### EXERCISE DETAILS
Only the lines from the one containing "画像3: Rojita /" through the last line of the material should be copied, exactly as written and without pictures.
<<<<
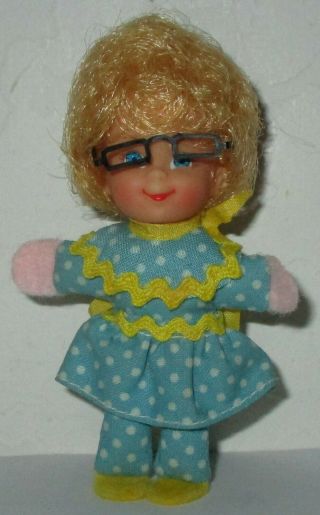 Mattel 1967 Vintage Mrs.  Beasley 3 " Doll Family Affair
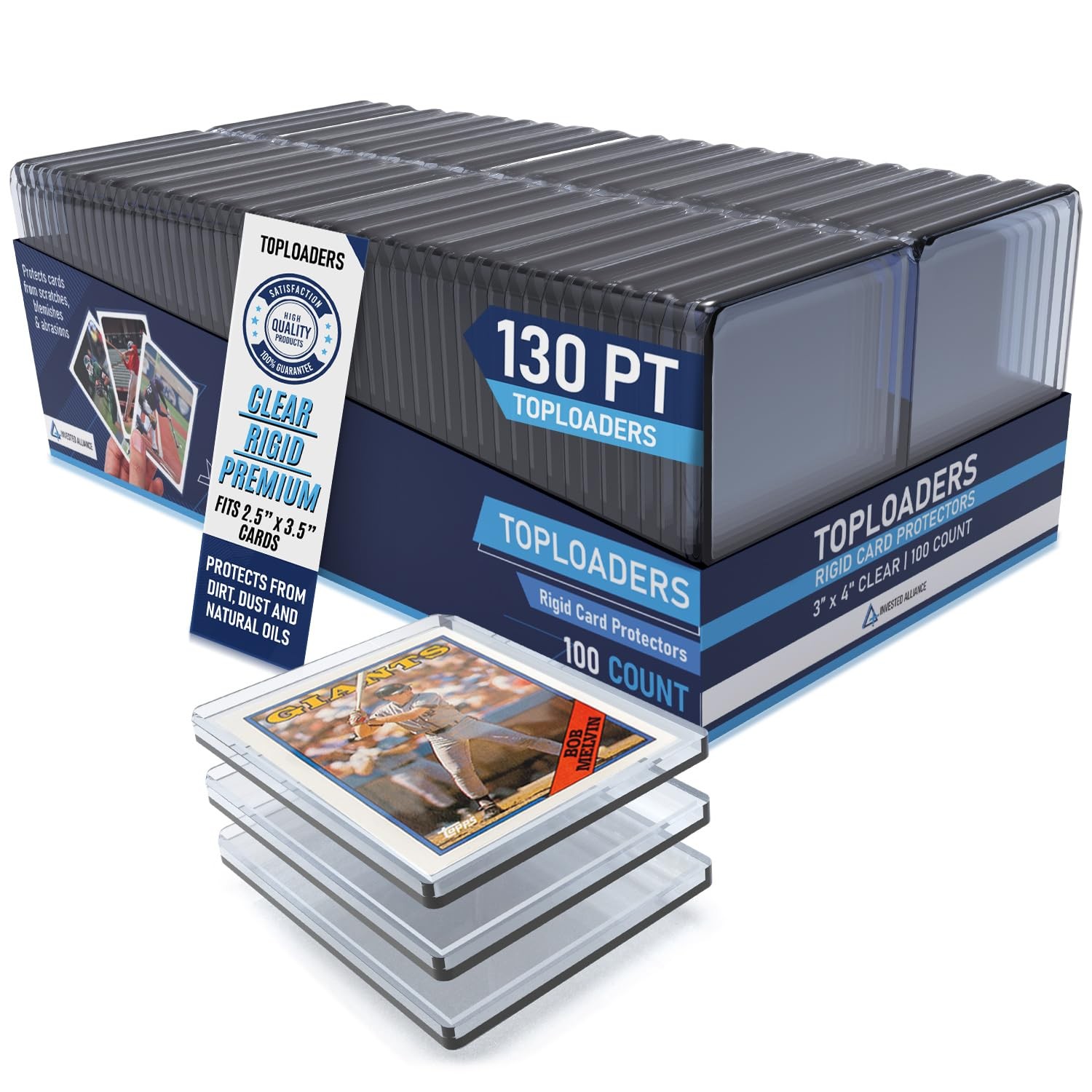 Premium Seamless 20PT – 360PT Thick Top Loaders for Cards | Top Loader Card H…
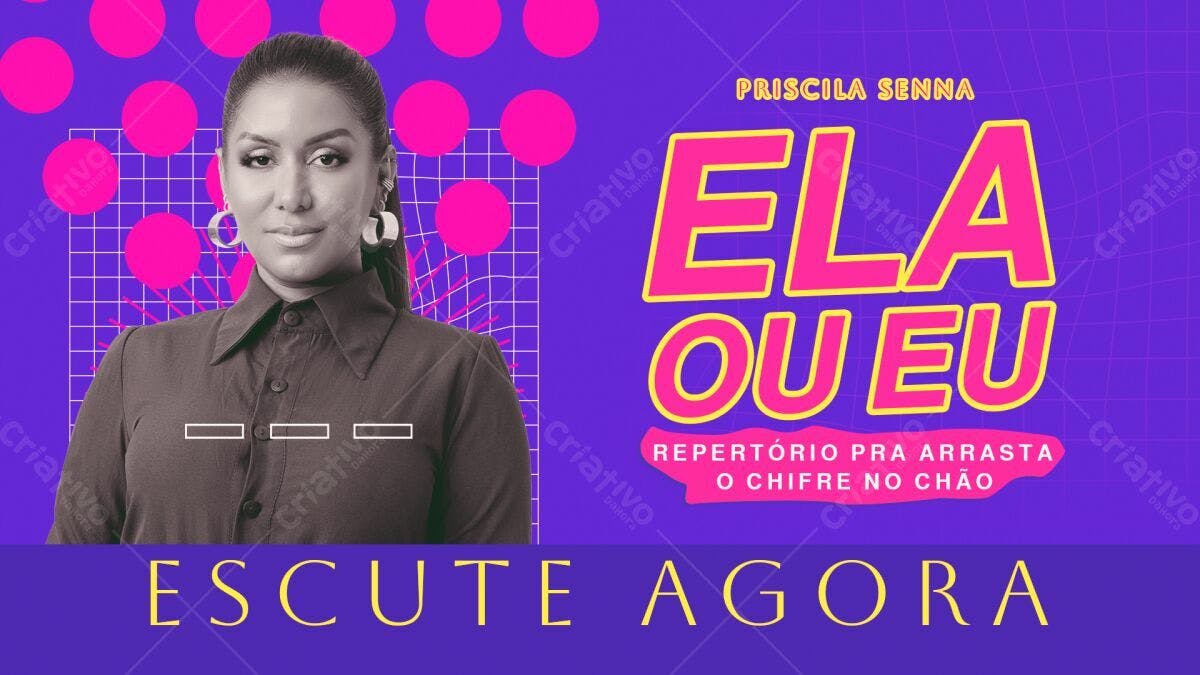 Flyer para Podcast Ela ou Eu PSD Editável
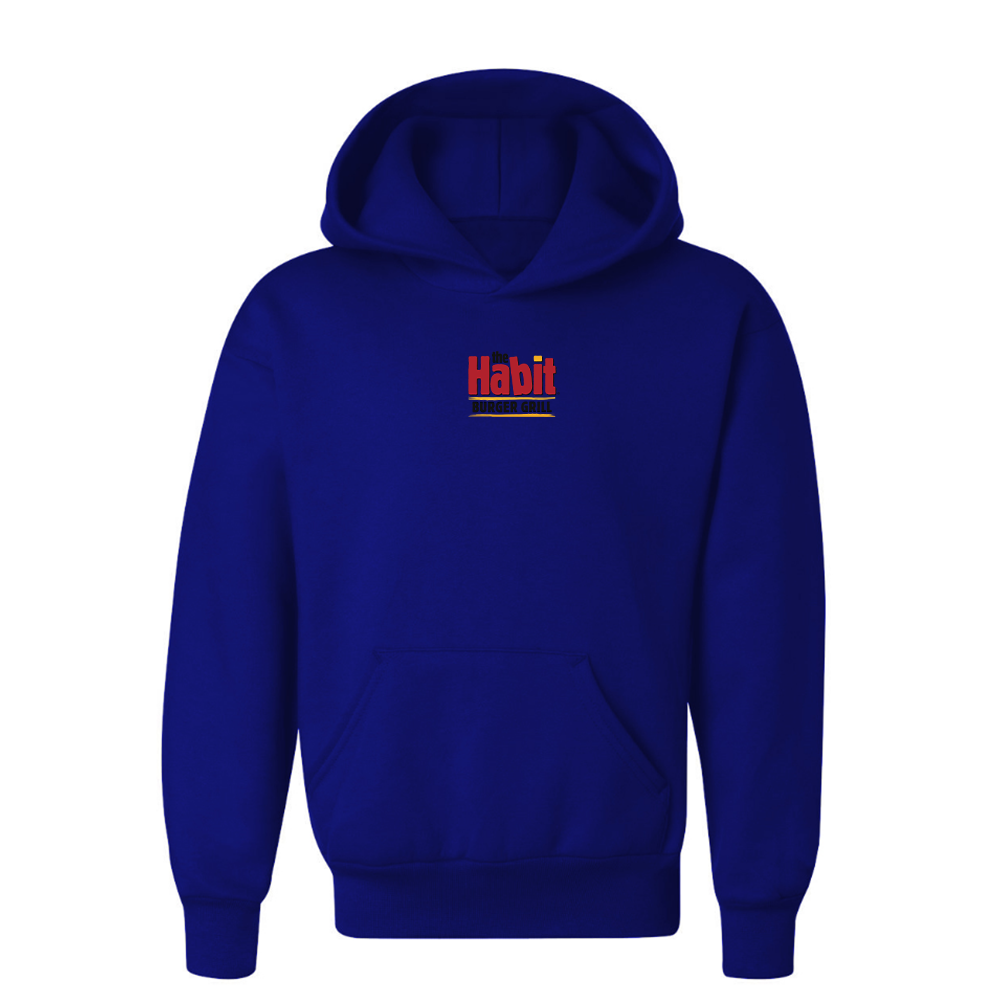 Youth The Habit Burger Grill Logo Pullover Hoodie
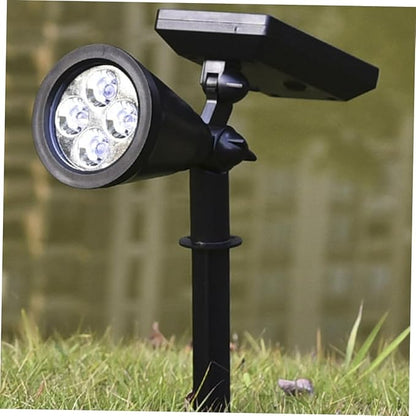 NUOBESTY Solar Path Lights and Solar Garden Spotlights 4-led Color-Changing Outdoor Lawn and Wall Mounted for Yard and Landscape Lighting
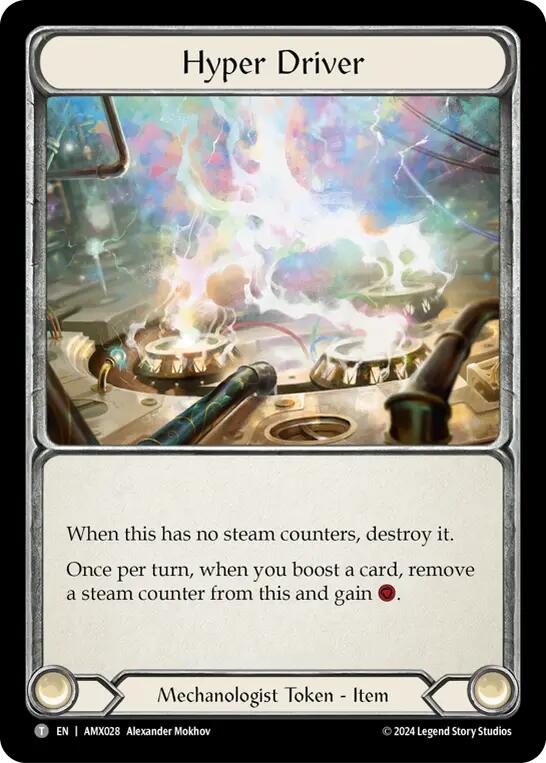 Hyper Driver [AMX028] (Armory Deck: Maxx Nitro) | Shuffle n Cut Hobbies & Games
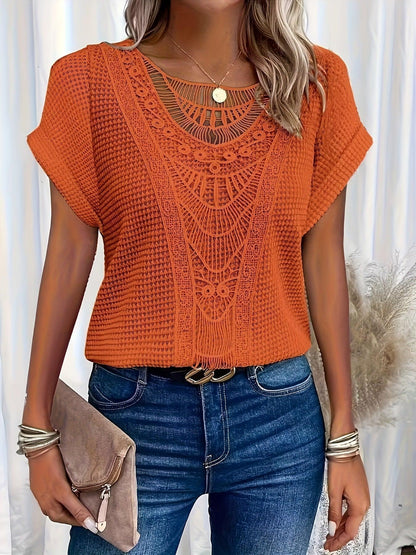 Elegantes Gestricktes Damen Top Mit Komplizierten Details Für Festliche Anlässe-4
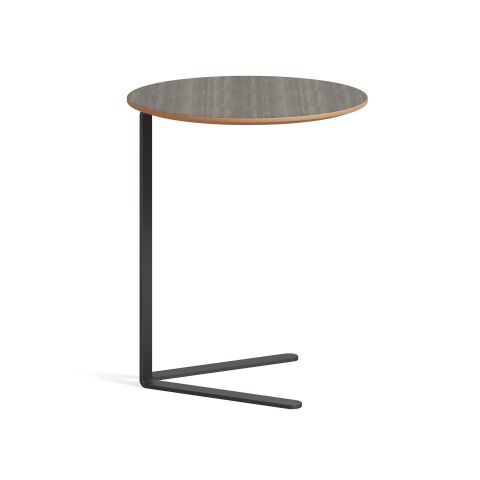 Hug Sehpa Cabana Laminat Tabla Metalik Antrasit Ayak 50x50x60 cm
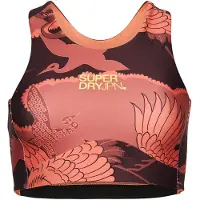 Superdry para mujer. WS311591A Sujetador Core Active naranja, lila (38), Deportivo, Multideporte, Poliéster Reciclado, Sostenible,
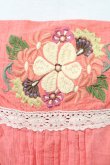 画像3: Rojita / フラワー刺繍トップス  オレンジピンク T-25-12-11-027-LO-TO-SA-ZT (3)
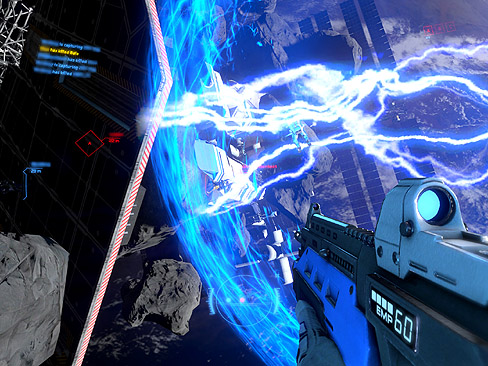 画像ギャラリー No.001のサムネイル画像 / 「Shattered Horizon」の，どっちが上やら下やら分からない宇宙空間の様子を収録したムービーとスクリーンショットを掲載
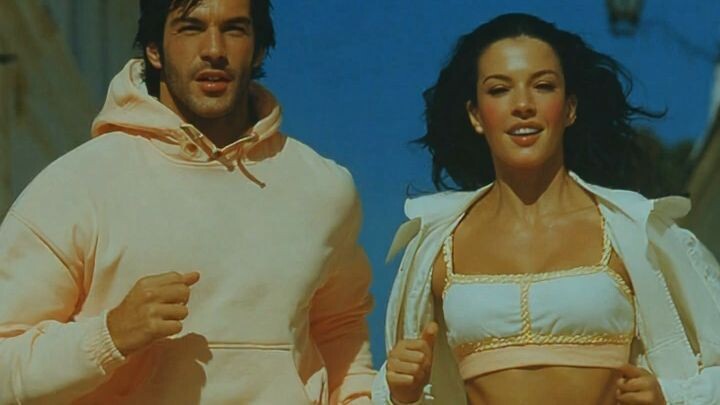 Couple walking in the morning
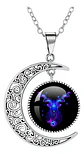 Collar Para Mujer Hombre Cristal Signos Zodiaco Constelación - Miniatura 18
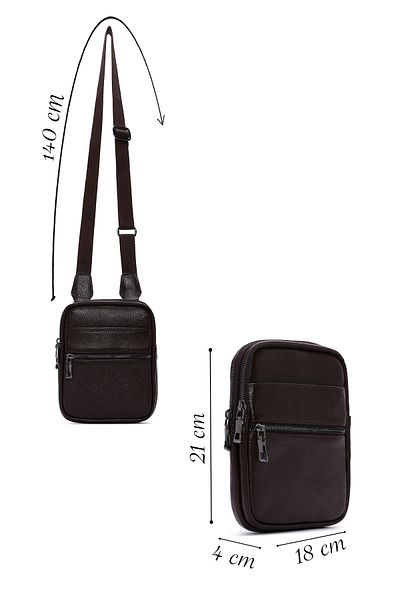 Derimod Men's Brown Crossbody Bag - 23sbd3101ft
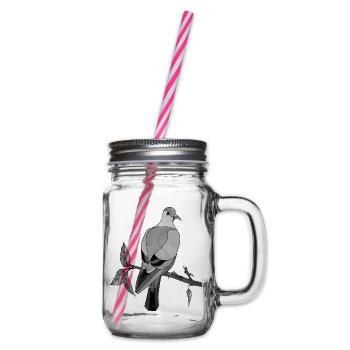 Bird - Glass jar with handle and screw cap - clear - Right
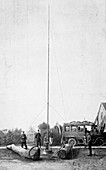 Telescopic portable radio mast,1914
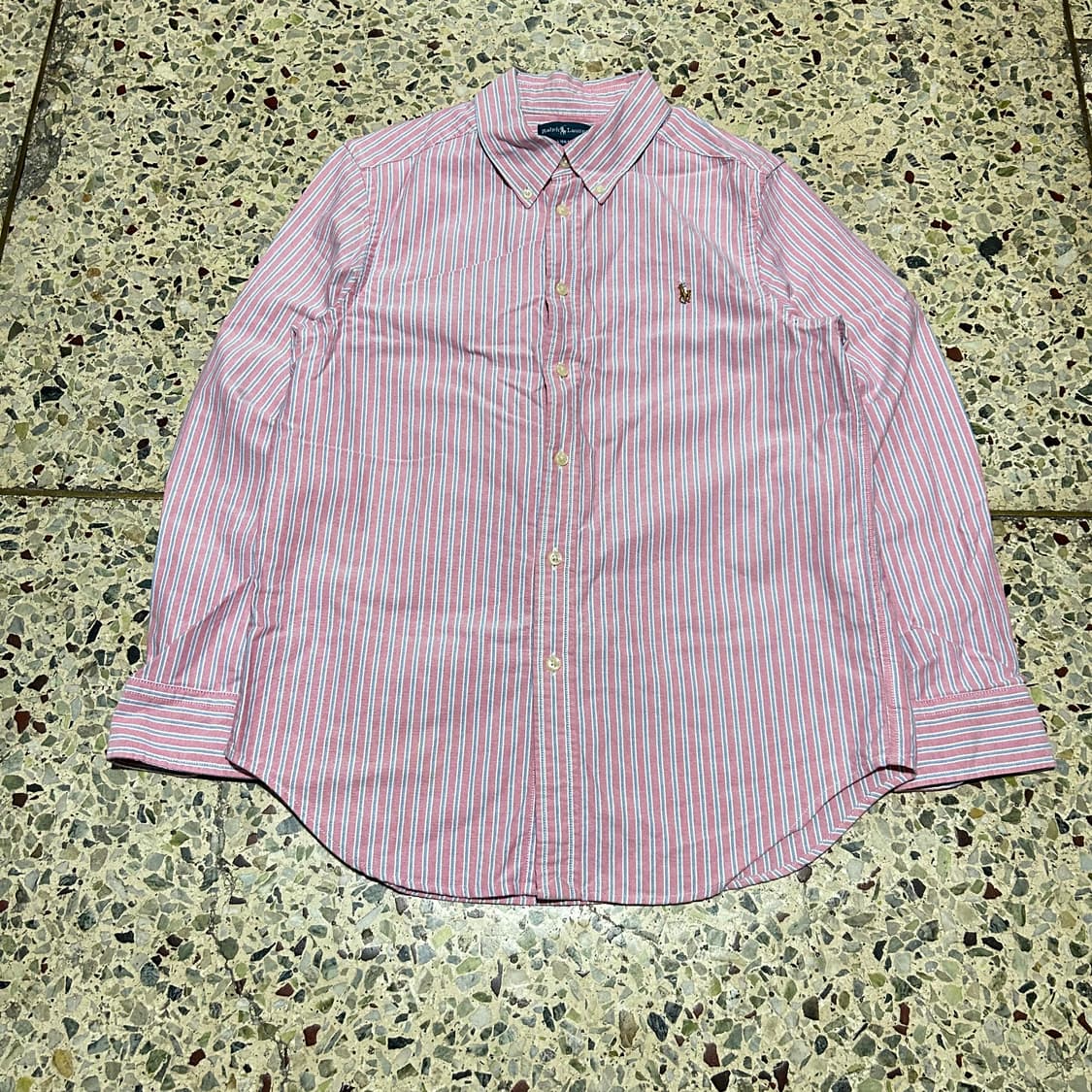 폴로 랄프로렌(POLO RalphLauren)핑크 스트라이프 셔츠 상품이미지1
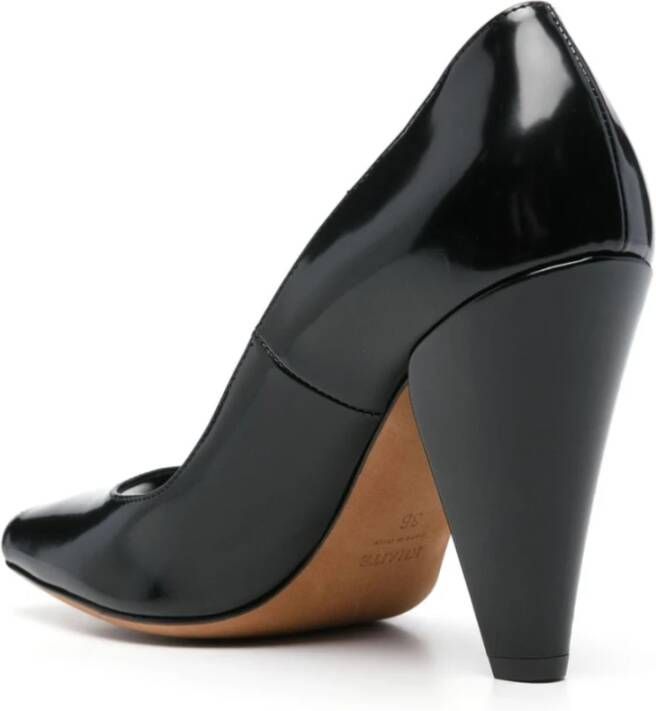 Khaite Zwarte Cone Hak Vierkante Neus Pumps Black Dames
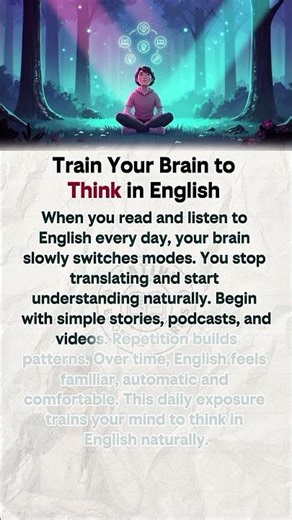 Train Your Brain to Think in English 💭 | Reading & Listening Practice #learnenglish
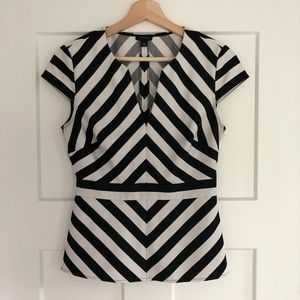 Ann Taylor fitted peplum shirt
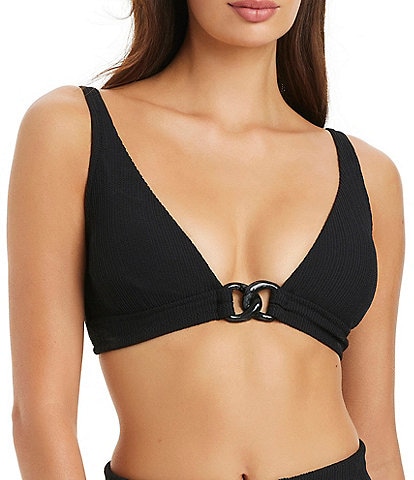  Stay Connected Long Line Triangle Swim Top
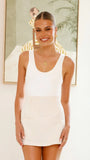 Jessica Skort Natural Linen Blend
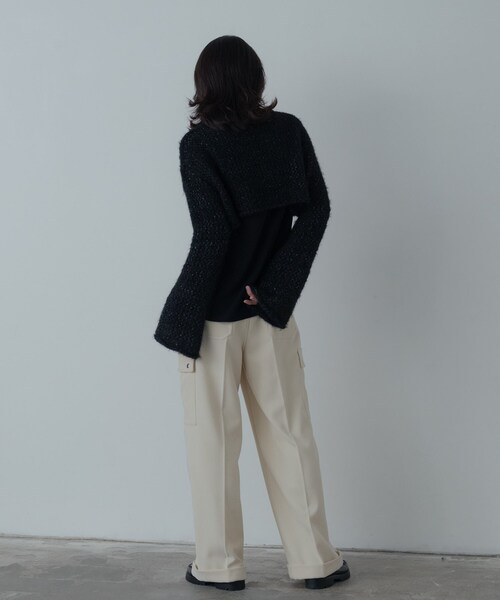 GALLEST(ギャレスト)の「クロップドメッシュニット(ニット/セーター・レディース・ブラック系8/ベージュ系8・38)」の12枚目の写真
>>>>
### PROBLEM SOLUTION
 画像3: Rojita / フラワー刺繍トップス  オレンジピンク T-25-12-11-027-LO-TO-SA-ZT (3)
 画像ギャラリー No.001のサムネイル画像 / 「Shattered Horizon」の，どっちが上やら下やら分からない宇宙空間の様子を収録したムービーとスクリーンショットを掲載
 Couple walking in the morning
 Collar Para Mujer Hombre Cristal Signos Zodiaco Constelación - Miniatura 18
 Derimod Men's Brown Crossbody Bag - 23sbd3101ft
 Bird - Glass jar with handle and screw cap - clear - Right
 Telescopic portable radio mast,1914
 폴로 랄프로렌(POLO RalphLauren)핑크 스트라이프 셔츠 상품이미지1
 Khaite Zwarte Cone Hak Vierkante Neus Pumps Black Dames
 Train Your Brain to Think in English 💭 | Reading & Listening Practice #learnenglish
 Ann Taylor fitted peplum shirt
  Stay Connected Long Line Triangle Swim Top
 Jessica Skort Natural Linen Blend
 GALLEST(ギャレスト)の「クロップドメッシュニット(ニット/セーター・レディース・ブラック系8/ベージュ系8・38)」の12枚目の写真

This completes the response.